I decided I would memorize it today while running on the treadmill. Cause I’d be a captive audience, right?

Blessed are the poor in spirit…huff puff…what’s next?  Oh, for theirs is the kingdom of heaven.  What does that even mean? I want to sit on this a minute, though not literally. Ah, it’s about humility.  We  get our needs met from the Father and not ourselves.  We need Him every hour, despite how well we might appear to be doing in the moment.

Blessed are those who mourn, for they shall be comforted. I like this one. The Holy Spirit is our comforter. Lord, comfort all my friends who recently lost family.  Meet them where they hurt.

Blessed are the meek, for they shall inherit the earth. Honestly, who wants the earth?  Seems like a big burden. Oh.  Maybe it means something else. It’s pouring outside now.  Glad I’m in here.  Meekness does not mean weakness. It means your strength got channeled somewhere.  It’s harnessed, ready for use.  God will give dominion over the earth to those who submit fully to him.  They wait for his justice and keep control of their spirits when they might lose everything else.

Okay, p, m, m, h. I am thankful for mnemonics. Blessed are those who hunger and thirst for righteousness, for they shall be filled. God will right every wrong in His timing. He defends the fatherless and looks out for widows and orphans through caring people here and now.

Blessed are the…guh!…merciful, for they shall obtain mercy. I’m at 2 miles already?  Woo hoo!  It’s so hard to be merciful when the opportunity to retaliate presents itself.  Micah 6:8 comes to mind.  Lord, help!

Blessed are the pure in heart, for they shall see God.  Boy, this memorization thing got tough.  I’m gonna blame it on the treadmill. How can we ever be pure?  I’ve only known a few folks who struck me as pure.  I’ve got a long way to go on this one.

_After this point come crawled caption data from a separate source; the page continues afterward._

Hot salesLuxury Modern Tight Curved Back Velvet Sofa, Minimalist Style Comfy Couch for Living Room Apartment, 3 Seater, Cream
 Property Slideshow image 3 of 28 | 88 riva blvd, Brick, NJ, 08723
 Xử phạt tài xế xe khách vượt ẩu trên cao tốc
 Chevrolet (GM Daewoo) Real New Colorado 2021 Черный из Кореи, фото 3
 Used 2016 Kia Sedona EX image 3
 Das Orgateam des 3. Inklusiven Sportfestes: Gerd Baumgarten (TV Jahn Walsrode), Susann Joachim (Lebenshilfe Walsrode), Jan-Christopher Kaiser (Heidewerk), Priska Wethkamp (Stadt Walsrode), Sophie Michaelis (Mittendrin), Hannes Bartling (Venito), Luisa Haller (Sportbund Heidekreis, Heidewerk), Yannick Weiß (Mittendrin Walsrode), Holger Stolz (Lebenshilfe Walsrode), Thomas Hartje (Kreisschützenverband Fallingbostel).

Blessed are the pacemakers – er, peacemakers, for they shall be called sons of God. Well, and daughters of God.  The NLT version says “children of God.” Try as I might, I’ll never be a son.

Blessed are those who are persecuted for righteousness’ sake, for theirs is the kingdom of heaven.  There’s the kingdom of heaven again.  And *why* do I keep hearing the same song over and over again?  Ugh. Will the poor in spirit share the space with the persecuted?  What’s the kingdom of heaven, anyway?  It seems the two pillars of entry into the kingdom are lack of pride and persecution. So, a true Christian knows their desperation for a savior and possibly faces persecution.  And they have defeated him by the blood of the Lamb and by their testimony. And they did not love their lives so much that they were afraid to die (Rev. 12:11).  The Messiah’s kingdom in no way resembles earthly kingdoms.  It’s a new world order, opposite world again.

 Five miles.  Whew!  Turn off the machine going nowhere. I got it. I think I’m finally starting to understand what it means to meditate on a scripture. It really opened up to me by considering it in depth. Though I traveled a few more miles today in the physical world, it’s apparent I have a long journey ahead of me to be transformed from “glory to glory” in the spirit.